Cette nouvelle approche a déjà fait ses preuves : les premiers arrêts de production basés sur ces avenants ont été réalisés avec succès lors du week-end des 10 et 11 mai, démontrant la faisabilité et l’efficacité de ce mécanisme. Cette évolution contribue ainsi à limiter les coûts induits par la revente d’électricité à prix négatif et à favoriser une meilleure stabilité du réseau électrique.
Par ailleurs, cette dynamique ne se limite pas aux parcs éoliens en mer. La loi de finances pour 2025 a intégré des dispositions similaires pour les anciennes installations terrestres les plus puissantes, elles aussi soutenues par des obligations d’achat. Ces dernières seront également amenées à participer au mécanisme d’ajustement grâce à un arrêté d’application soumis à consultation auprès du Conseil Supérieur de l’Énergie fin avril 2025. Un second arrêté est attendu dans le courant du second semestre de la même année, complétant ainsi ce dispositif d’ajustement généralisé.
Cette réforme s’inscrit dans une transition plus large des modalités de soutien aux énergies renouvelables. Les nouveaux contrats favorisent désormais un système de complément de rémunération, à l’exception des plus petites installations qui continuent de bénéficier d’obligations d’achat. Ce système incite naturellement les producteurs à moduler ou stopper leur production lorsque les conditions de marché le justifient, en particulier lors de périodes de prix négatifs, réduisant ainsi les distorsions économiques et renforçant la flexibilité du réseau.
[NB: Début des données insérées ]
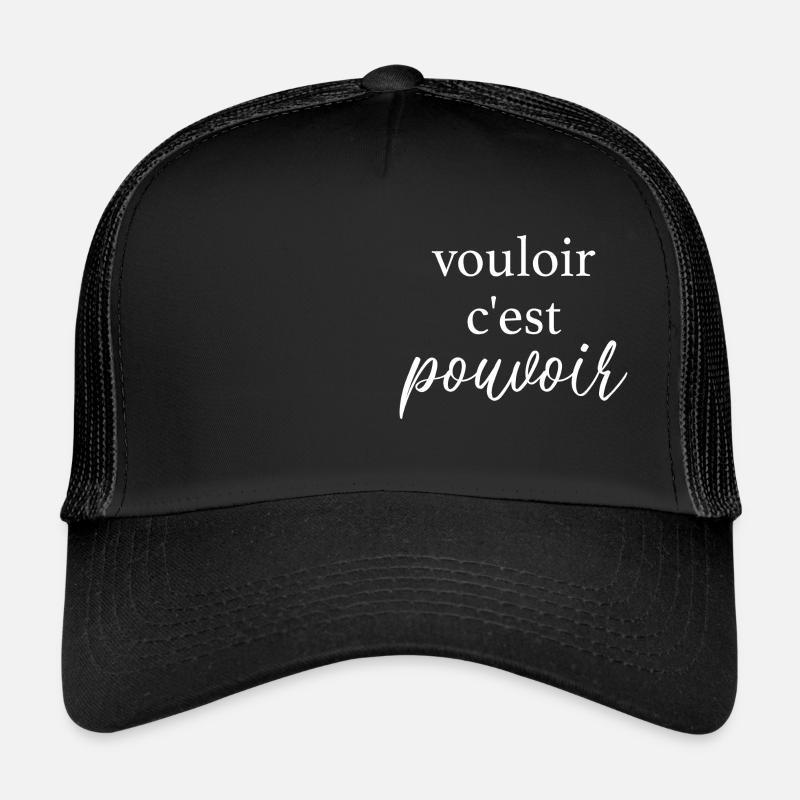 Französisch - Trucker Cap - Schwarz/Schwarz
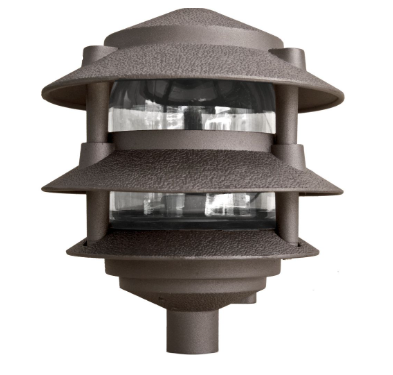 Dabmar Lighting D5000-L6-RGBW-BZ Cast Aluminum Pagoda 3-Tier 1/2" Base 6" Top, E26, Color Temperature RGBW, Bronze Finish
L’ensemble de ces mesures traduit la volonté du Gouvernement de concilier le développement ambitieux des énergies renouvelables avec la nécessité impérative de maintenir l’équilibre et la sécurité du système électrique national. En effet, alors que la transition énergétique impose une montée en puissance rapide des capacités renouvelables, il devient crucial de gérer efficacement la variabilité intrinsèque de ces sources.
En intégrant désormais les parcs éoliens, tant en mer qu’au sol, au mécanisme d’ajustement entre l’offre et la demande, la France franchit une étape clé vers un système électrique plus agile, capable d’absorber les fluctuations de production et de consommation tout en limitant les pertes économiques. Cette approche ouvre la voie à un modèle énergétique plus durable et équilibré, où les énergies renouvelables ne sont plus seulement des producteurs garantis mais des partenaires actifs dans la gestion de la transition énergétique.